Shot Noise Probing of Magnetic Ordering in Zigzag Graphene Nanoribbons
Ralitsa L. Dragomirova, Denis A. Areshkin, Branislav K. Nikolic

TL;DR
This paper shows that shot noise measurements can be used as a sensitive, all-electrical method to detect magnetic ordering along the edges of zigzag graphene nanoribbons, revealing edge-localized ferromagnetism.
Contribution
It introduces the concept that shot noise in ZGNRs is significantly affected by edge-induced magnetic states, providing a novel probe for low-dimensional magnetism.
Findings
Shot noise is enhanced by edge magnetic ordering.
Spin-polarized currents show greater shot noise sensitivity.

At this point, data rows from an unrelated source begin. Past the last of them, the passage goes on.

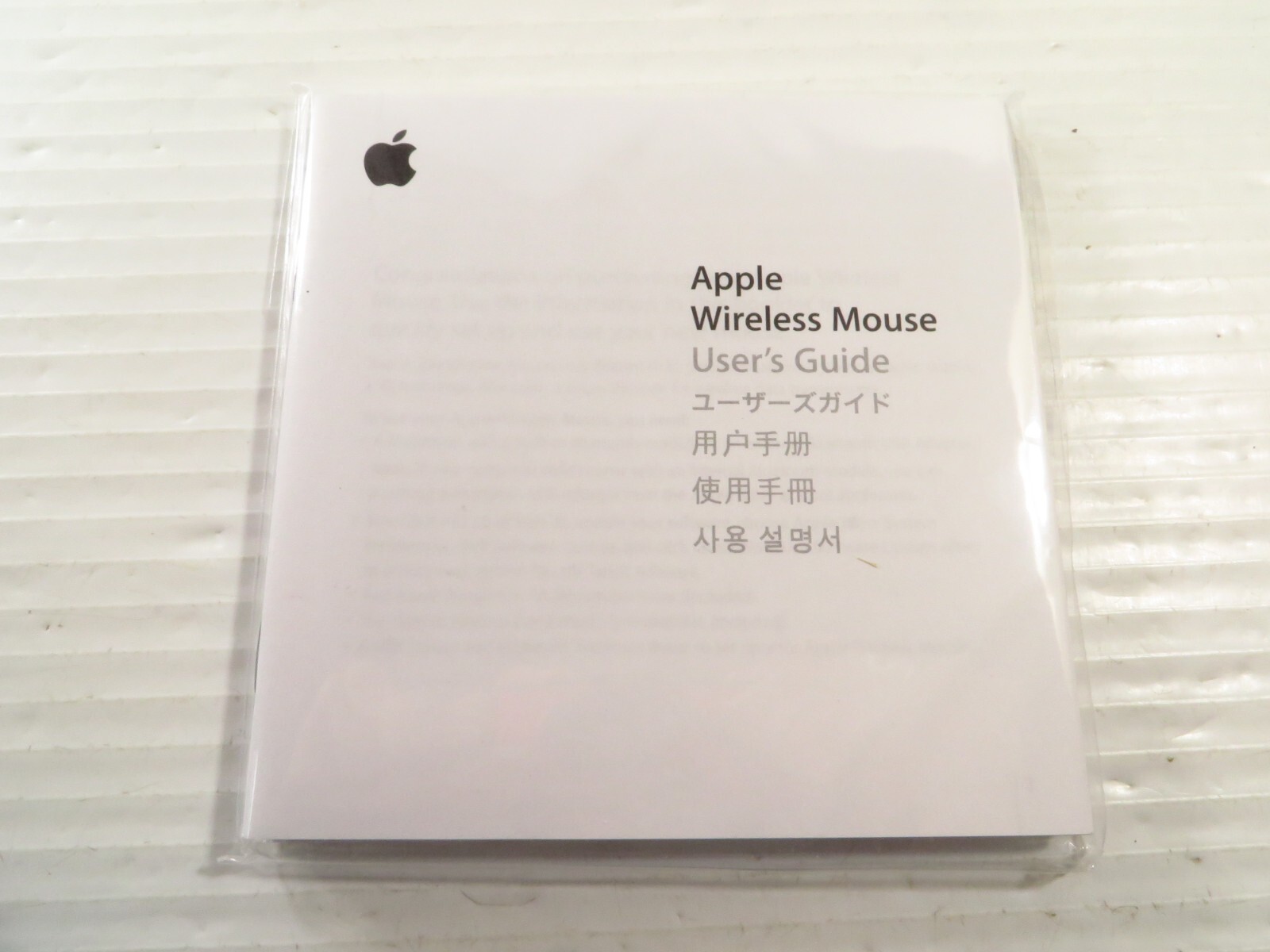 Apple Mac Keyboard Wireless Mouse Installation Software Disc 2004 Print Material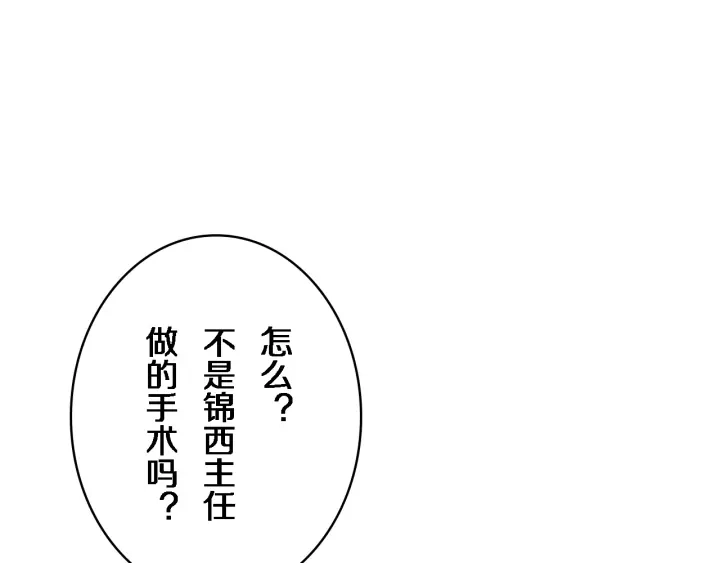 第39话 桥本的游戏90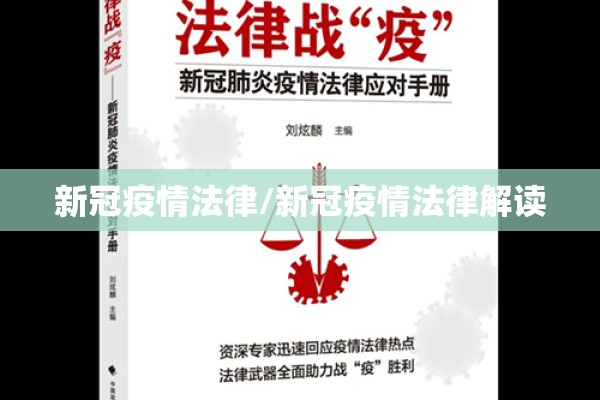 新冠疫情法律/新冠疫情法律解读 新冠疫情法律/新冠疫情法律解读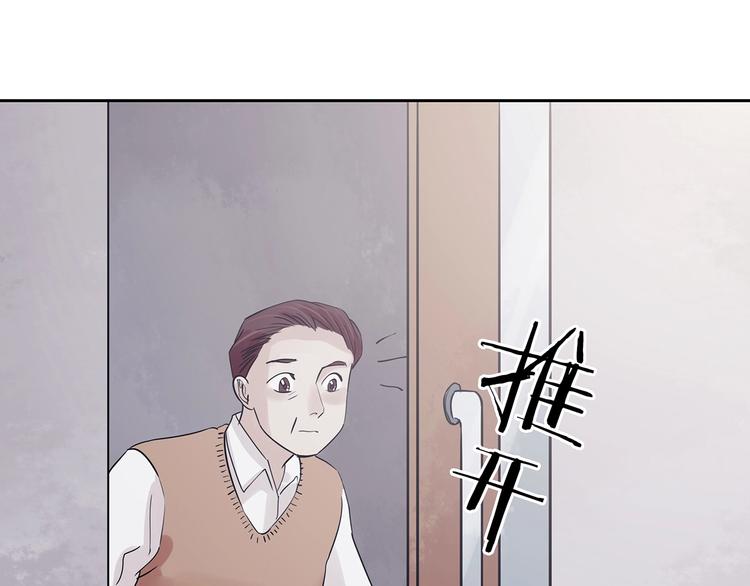 第37话 弹幕人生（2）(1/4)-第37话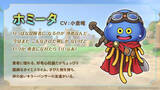 「「ドラゴンクエスト the DIVE -まだ見ぬ冒険の舞台へ-」全コンテンツ公開！ホミータの声優やコラボレストランメニューも」の画像2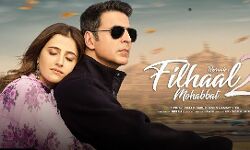 म्यूजिक वीडियो फिलहाल 2 मोहब्बत के टीजर ने मचाई धूम म्यूजिक वीडियो फिलहाल 2 मोहब्बत के टीजर ने मचाई धूम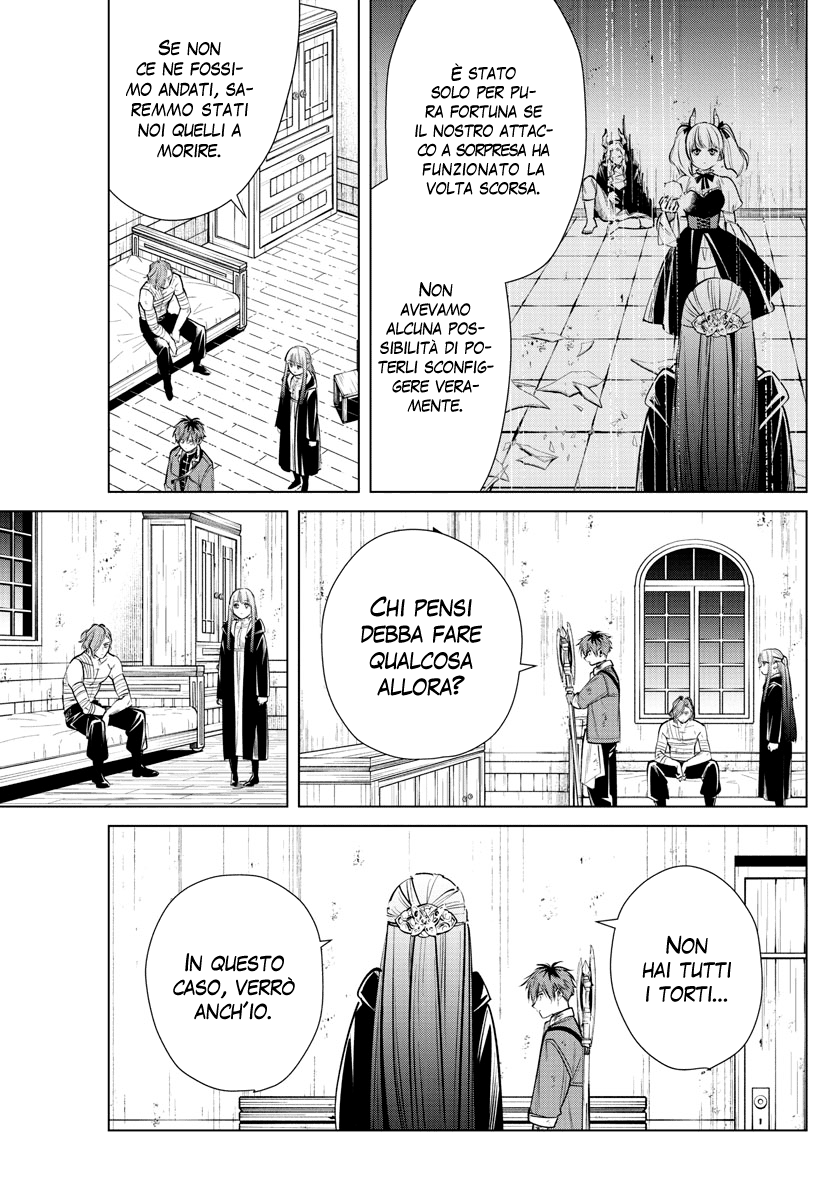 Read Sousou No Frieren IT Manga Online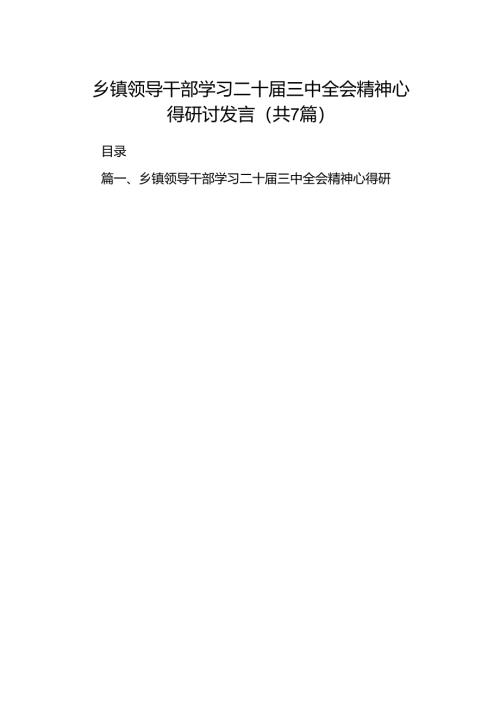 乡镇领导干部学习二十届三中全会精神心得研讨发言7篇（最新版）.docx
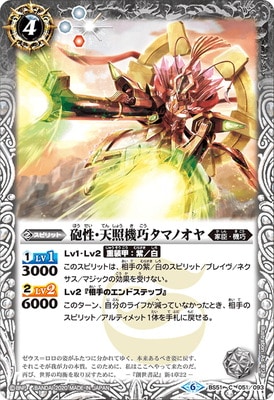 BS51-051 ˤ����ŷ�ȵ������ޥΥ����2020��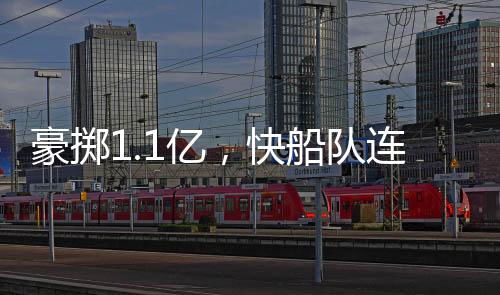 其中还包含部分交易保证金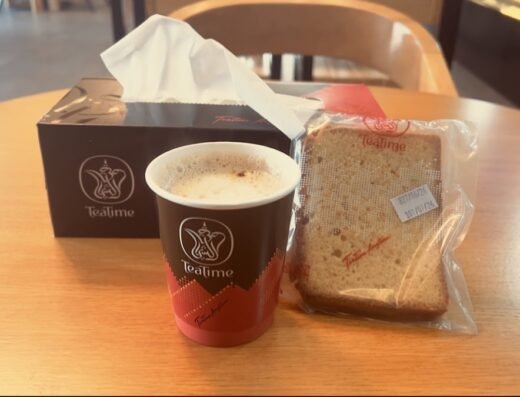 TeaTime – Alkhor Near Lulu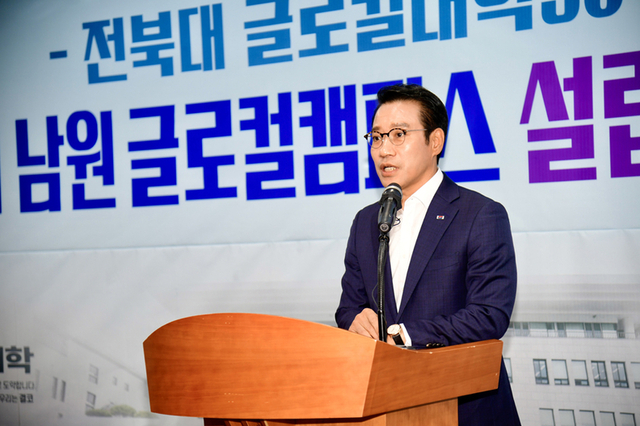남원시장, 민선 8기 3년 혁신적 도약..."국가공모 6천억 확보 성과"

Edge topology influences shot noise behavior.
Abstract
The nonequilibrium time-dependent fluctuations of charge current have recently emerged as a sensitive experimental tool to probe ballistic transport through evanescent wave functions introduced into clean wide and short graphene strips by the attached metallic electrodes. We demonstrate that such "pseudo-diffusive" shot noise can be substantially modified in zigzag graphene nanoribbon (ZGNR) due to the topology of its edges responsible for localized states that facilitate ferromagnetic ordering along the edge when Coulomb interaction is taken into account. Thus, the shot noise enhancement of unpolarized, and even more sensitively of spin-polarized, charge currents injected into ZGNR will act as an all-electrical and edge-sensitive probe of such low-dimensional magnetism.